Task description =>
Below is a block of records; reproduce all of them exactly and leave out any pictures.

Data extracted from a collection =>
/---
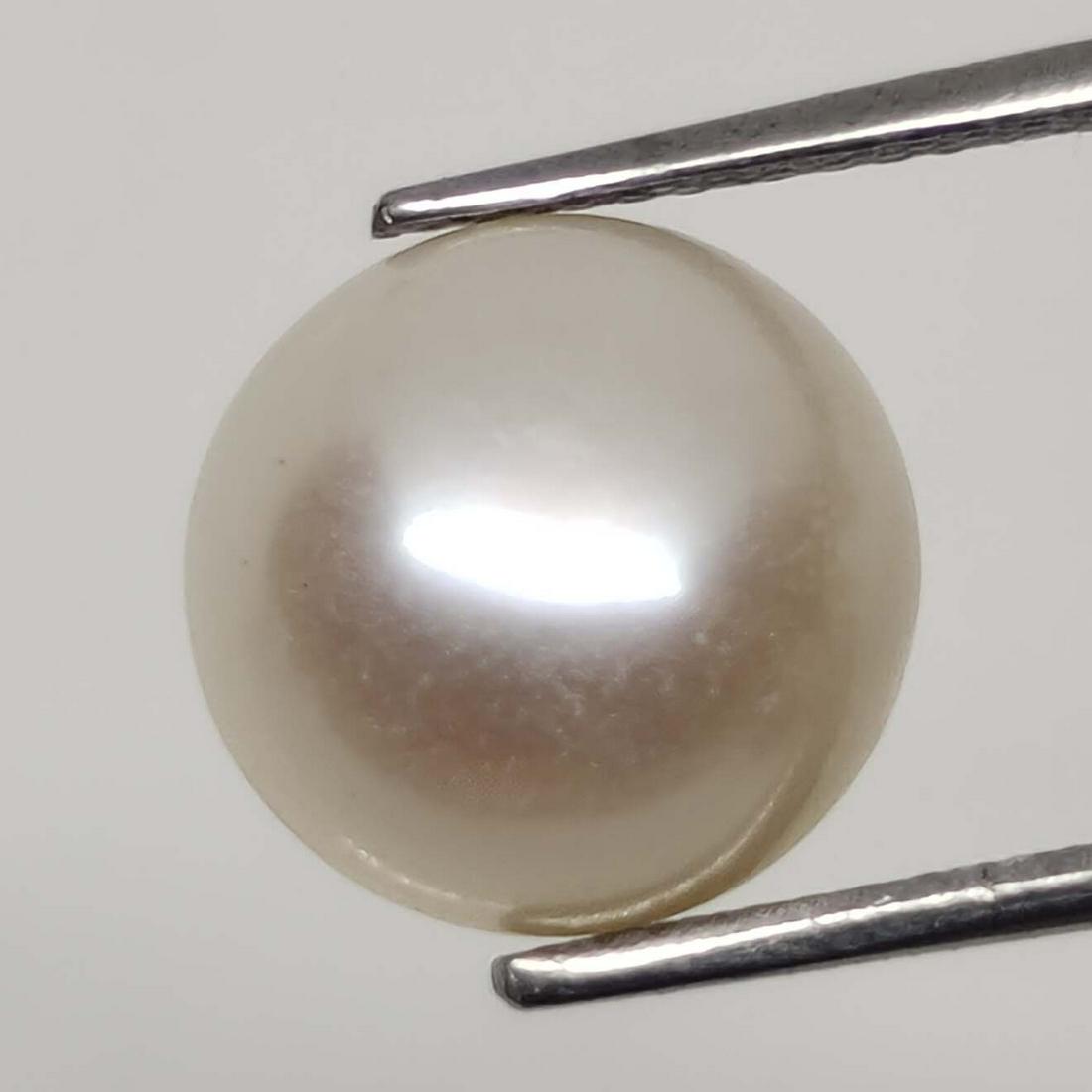 5.60 Ct Natural Pearl (1 of 2)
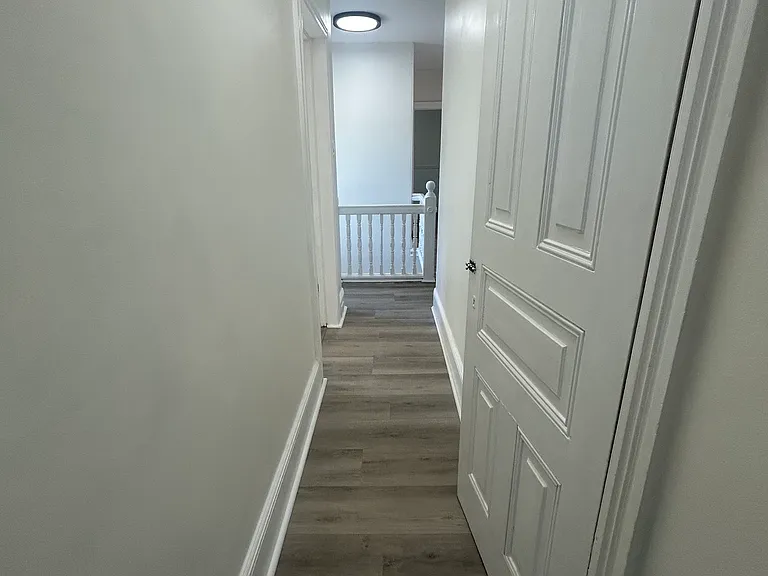 1207 W Norwegian St — Photo 11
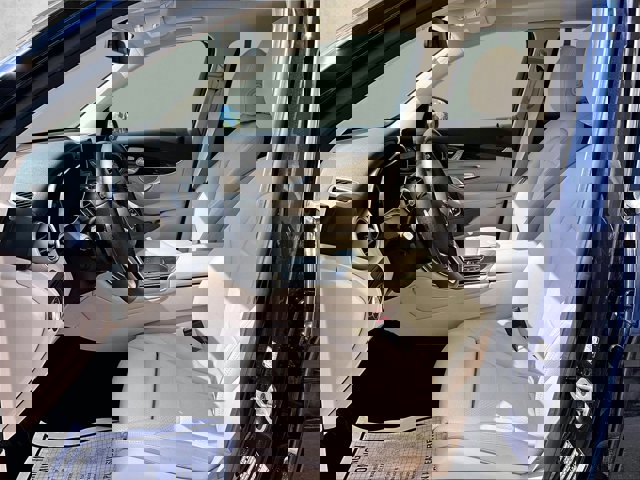 Used 2021 Mercedes-Benz GLC 300 image 25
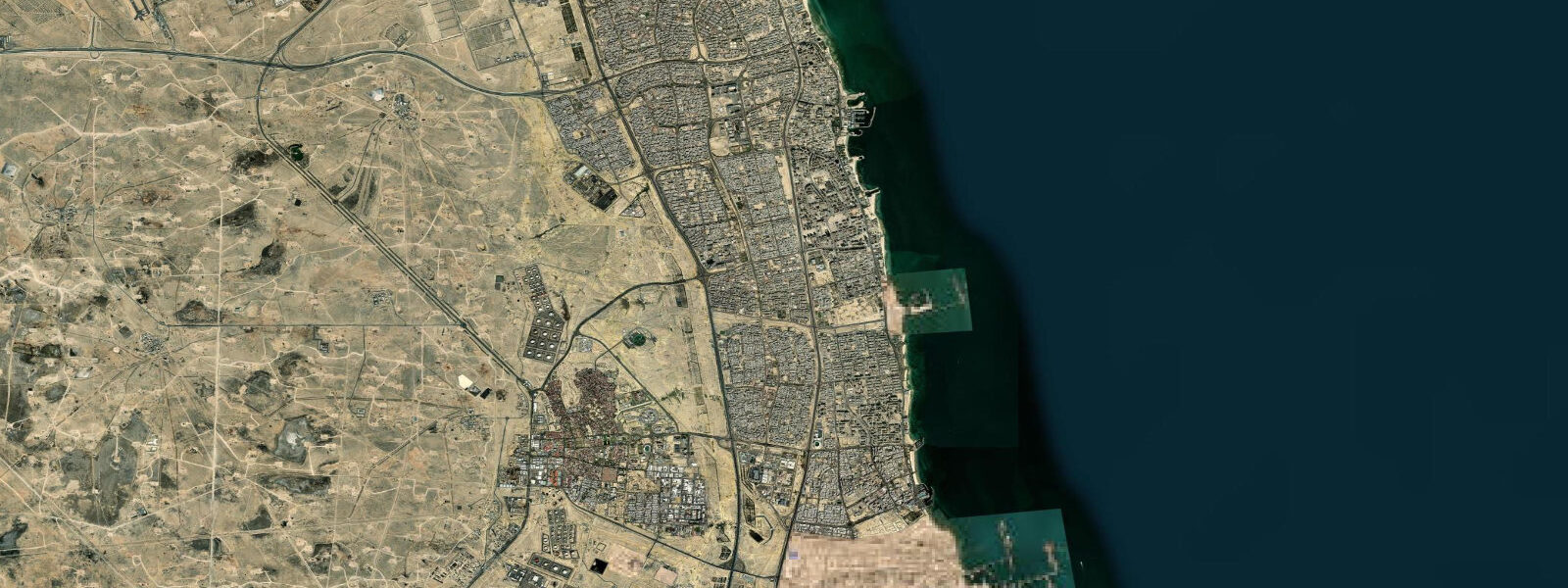 Satellite view of the coast near Al Ahmadi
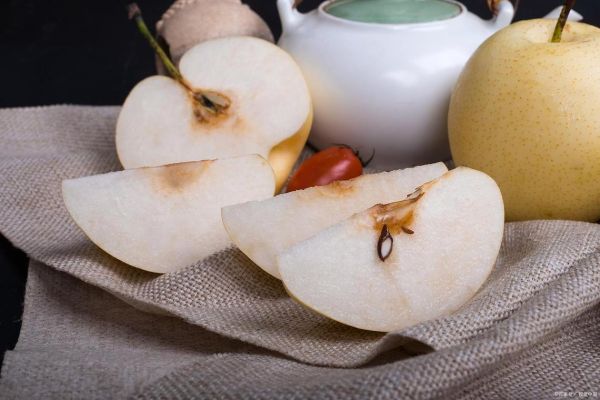 孕妇吃什么下火_孕妇上火吃什么水果好-第1张图片-星辰妙记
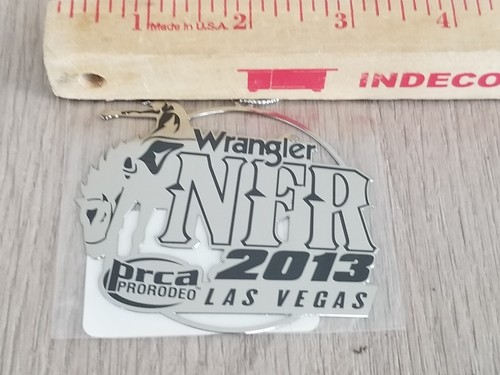 NUEVO Montana Silversmiths 2013 NFR Wranger PRCA Pro Rodeo adorno de Navidad - Imagen 2 de 2
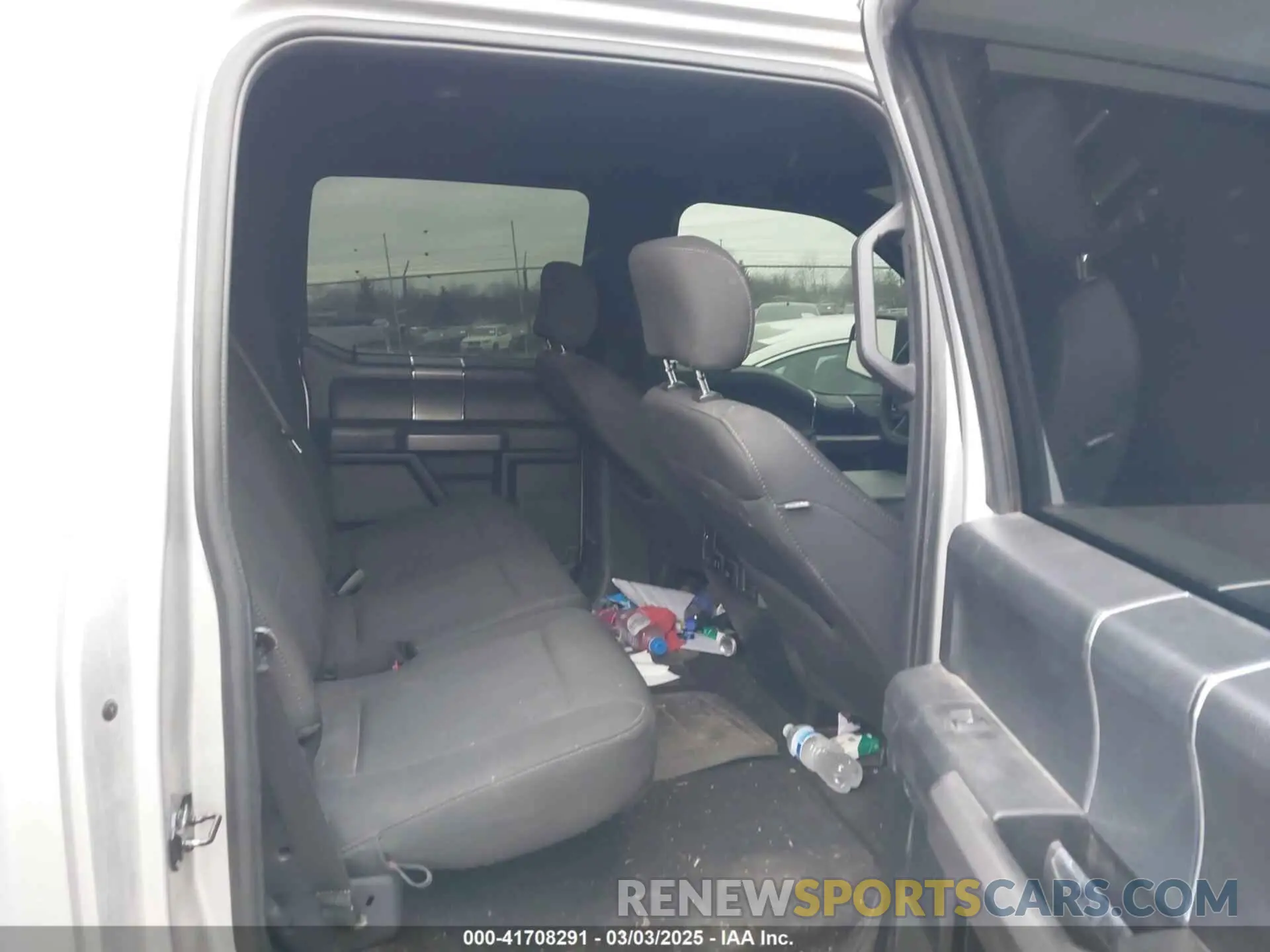 8 Photograph of a damaged car 1FTEW1E45KFB55357 FORD F-150 2019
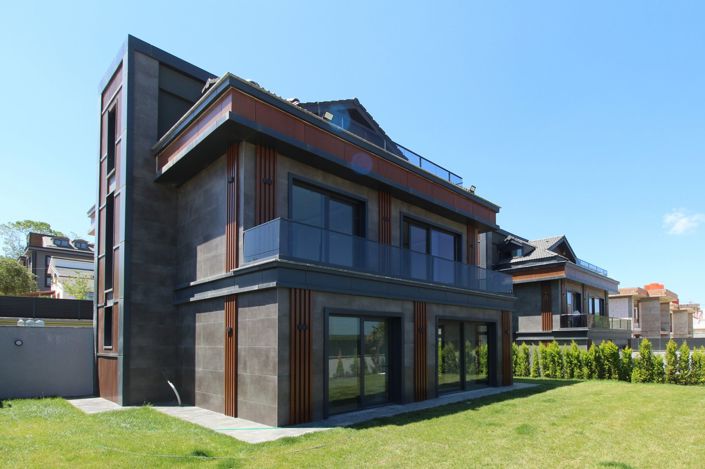 Image No.1-5 Bed House/Villa for sale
\---
Exercise response =>
 5.60 Ct Natural Pearl (1 of 2)
 1207 W Norwegian St — Photo 11
 Used 2021 Mercedes-Benz GLC 300 image 25
 Satellite view of the coast near Al Ahmadi
 孕妇吃什么下火_孕妇上火吃什么水果好-第1张图片-星辰妙记
 NUEVO Montana Silversmiths 2013 NFR Wranger PRCA Pro Rodeo adorno de Navidad - Imagen 2 de 2
 8 Photograph of a damaged car 1FTEW1E45KFB55357 FORD F-150 2019
 Image No.1-5 Bed House/Villa for sale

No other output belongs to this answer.